▸ **Exercise brief**: Pictures in the entries below are to be left out; otherwise, reproduce exactly the lines from the first through the line containing "Vintage Coro Brooch".

Caption-style text data:
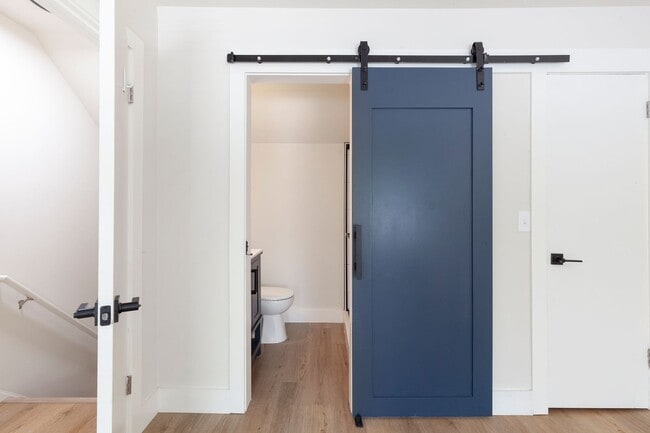 Building Photo - 3bd/3ba Home w/ Fully Fenced Backyard and Deck!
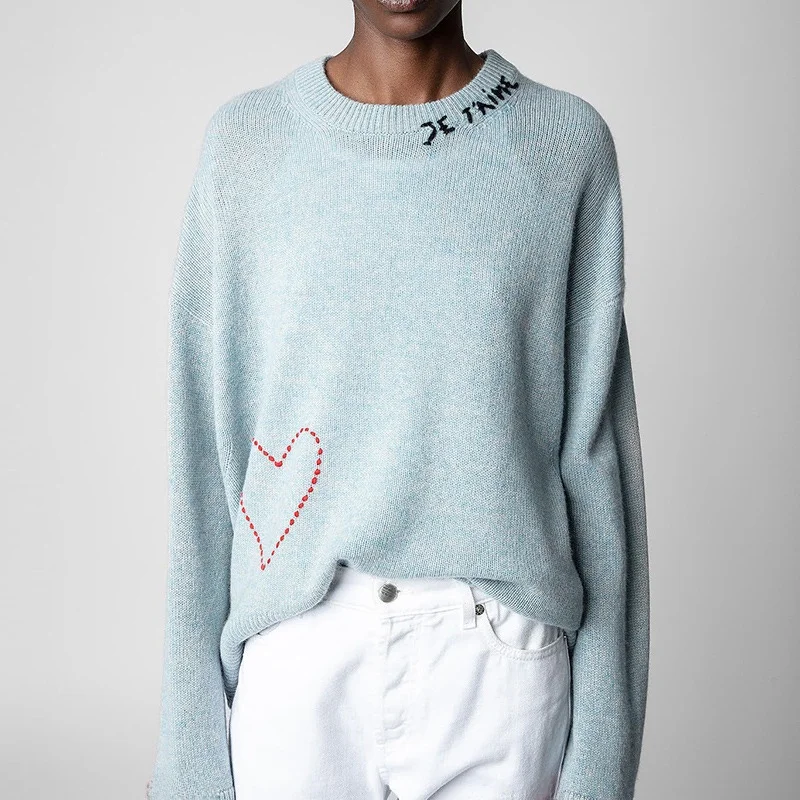 Jesienno-zimowy, ręcznie robiony sweter damski, luźny krój, haftowany napis Camere, litera ZV, serce, styl uliczny, długi rękaw.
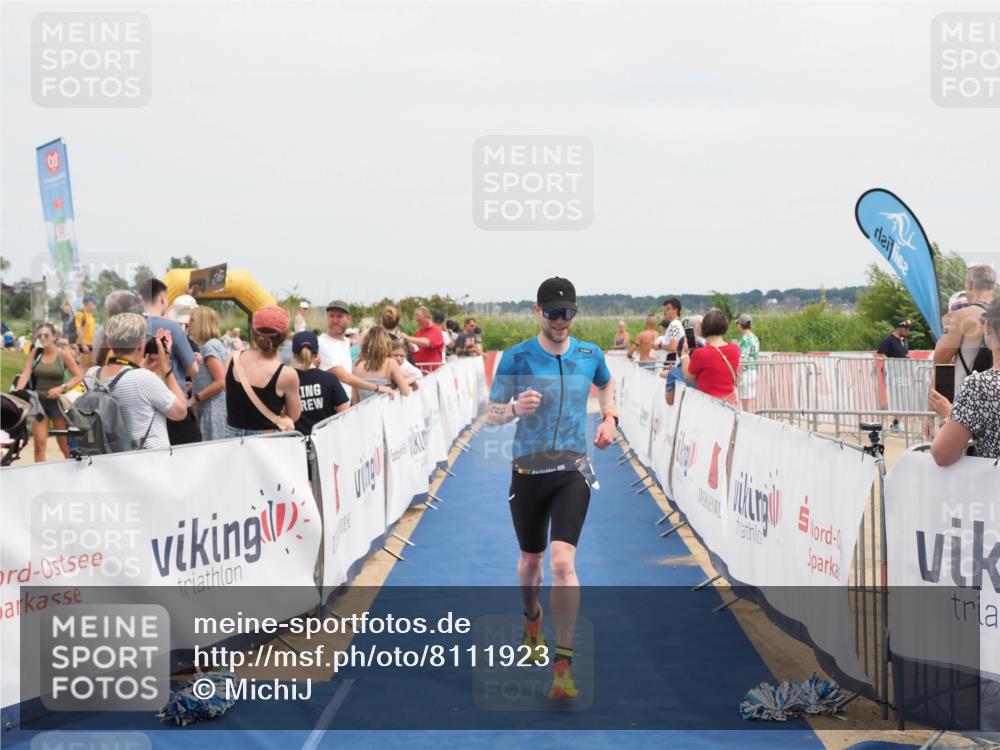 22.06.2025 - Viking Triathlon MichiJ http://msf.ph/oto/8111923 22.06.2025 14:53:31 Ziel 486 meine-sportfotos.de
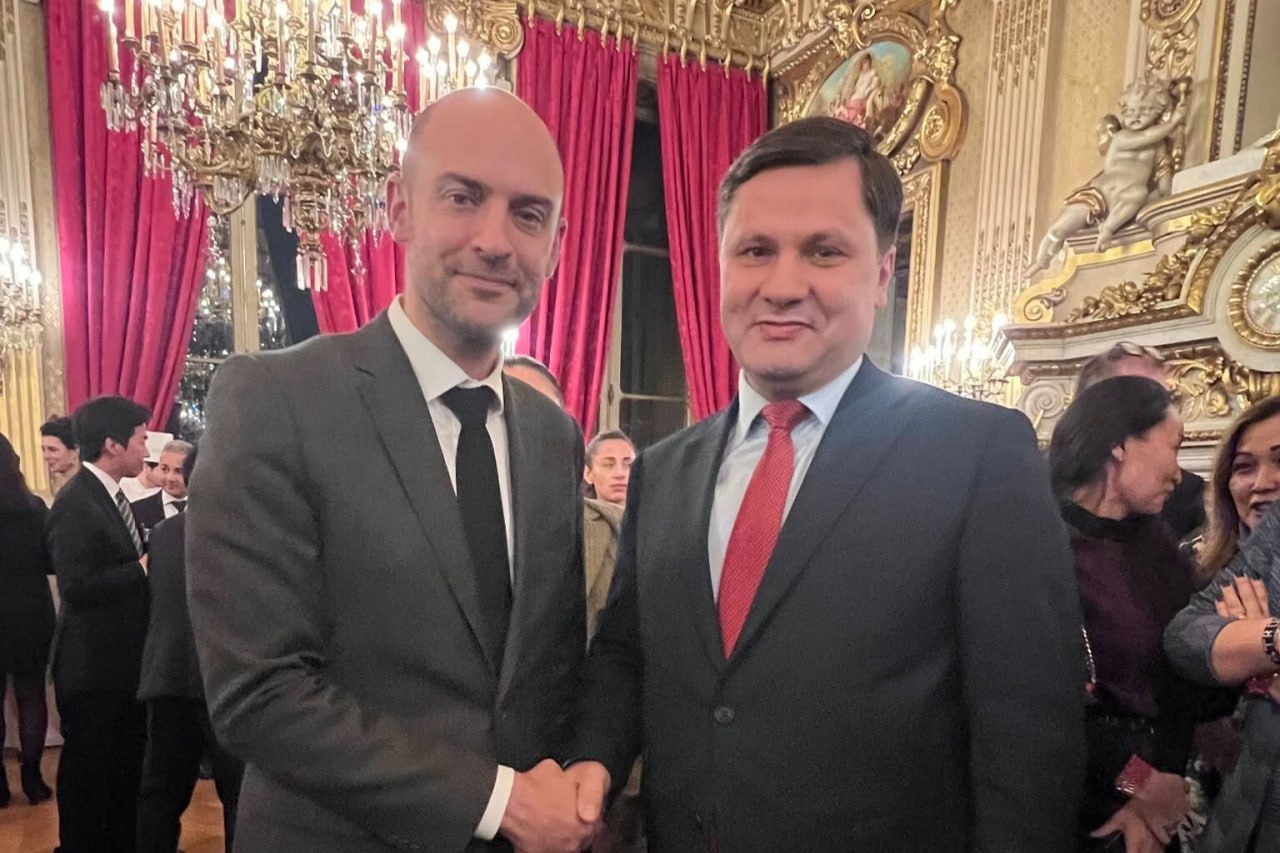 Посол Армении встретился с главой МИД Франции 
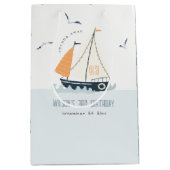 キュートブルー航海のセイボートパステル子供の誕生日 ミディアムペーパーバッグ (正面)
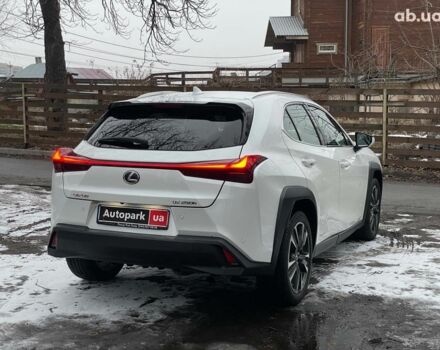 Белый Лексус UX, объемом двигателя 2 л и пробегом 66 тыс. км за 27990 $, фото 6 на Automoto.ua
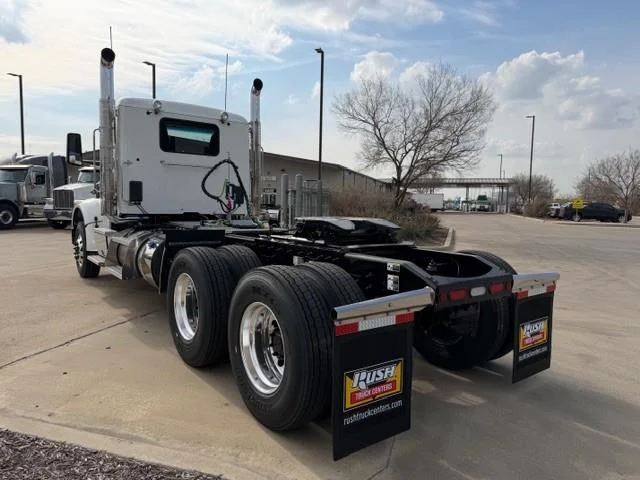 2027 Peterbilt 567 - image 5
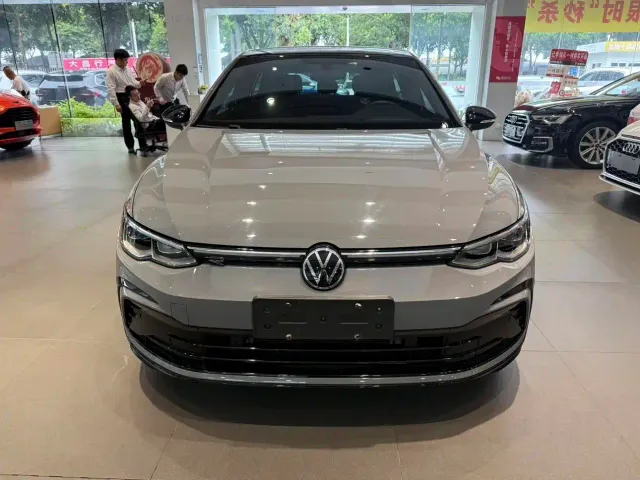 Volkswagen Golf — Фото автомобиля 2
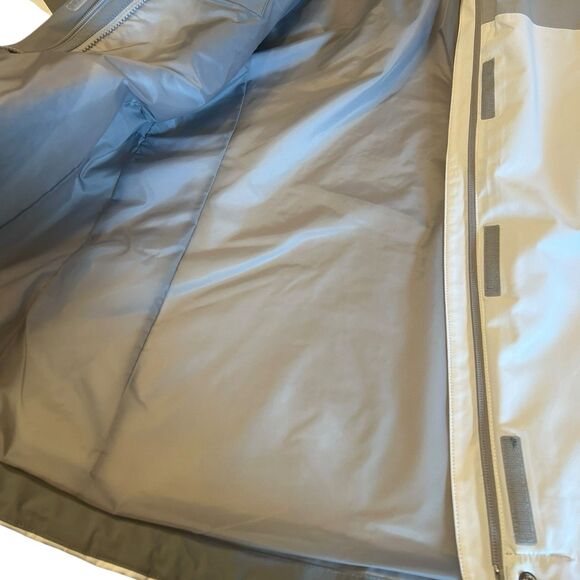 The North Face Women’s Triclimate 3‑in‑1 Jacket M Waterproof Windbreaker Coat - Picture 11 of 16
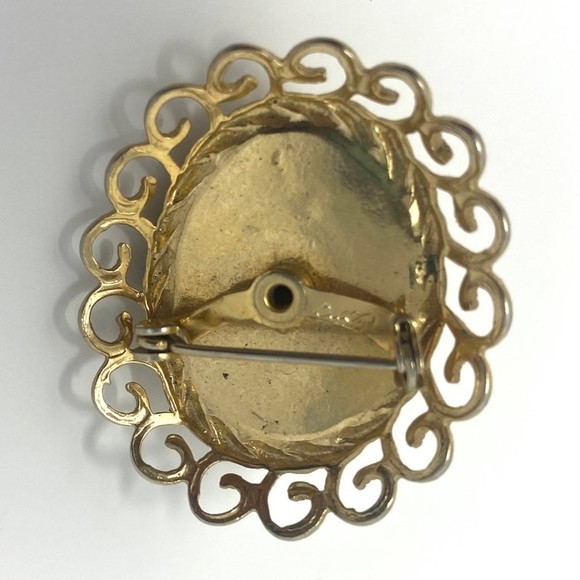 Vintage Coro Brooch Gold Tone Faux Pearls Jewelry - Picture 2 of 3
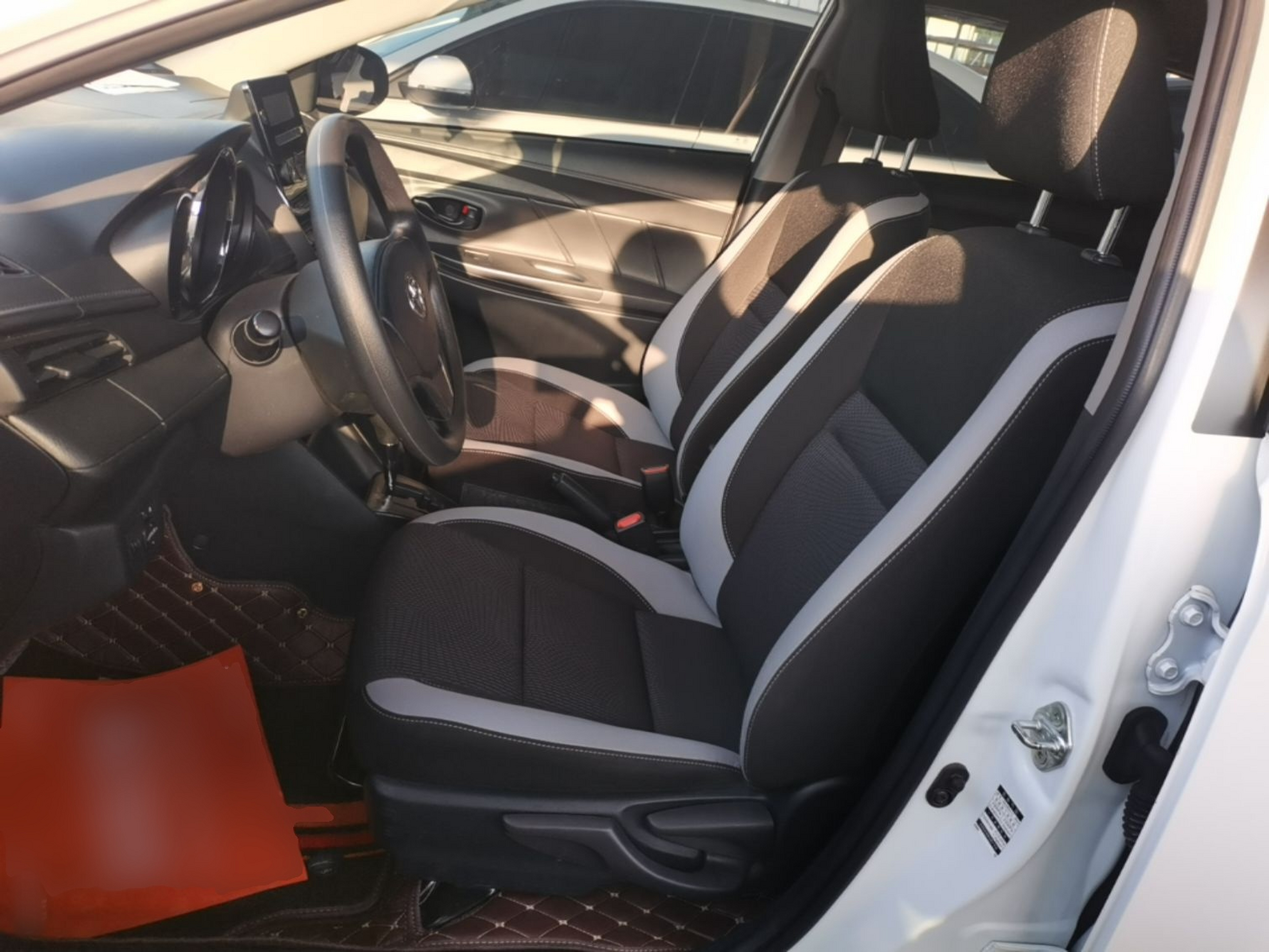Interior delantero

▸ **Result of this task**:
 Building Photo - 3bd/3ba Home w/ Fully Fenced Backyard and Deck!
 Jesienno-zimowy, ręcznie robiony sweter damski, luźny krój, haftowany napis Camere, litera ZV, serce, styl uliczny, długi rękaw.
 22.06.2025 - Viking Triathlon MichiJ http://msf.ph/oto/8111923 22.06.2025 14:53:31 Ziel 486 meine-sportfotos.de
 Посол Армении встретился с главой МИД Франции 
 キュートブルー航海のセイボートパステル子供の誕生日 ミディアムペーパーバッグ (正面)
 Белый Лексус UX, объемом двигателя 2 л и пробегом 66 тыс. км за 27990 $, фото 6 на Automoto.ua
 2027 Peterbilt 567 - image 5
 Volkswagen Golf — Фото автомобиля 2
 The North Face Women’s Triclimate 3‑in‑1 Jacket M Waterproof Windbreaker Coat - Picture 11 of 16
 Vintage Coro Brooch Gold Tone Faux Pearls Jewelry - Picture 2 of 3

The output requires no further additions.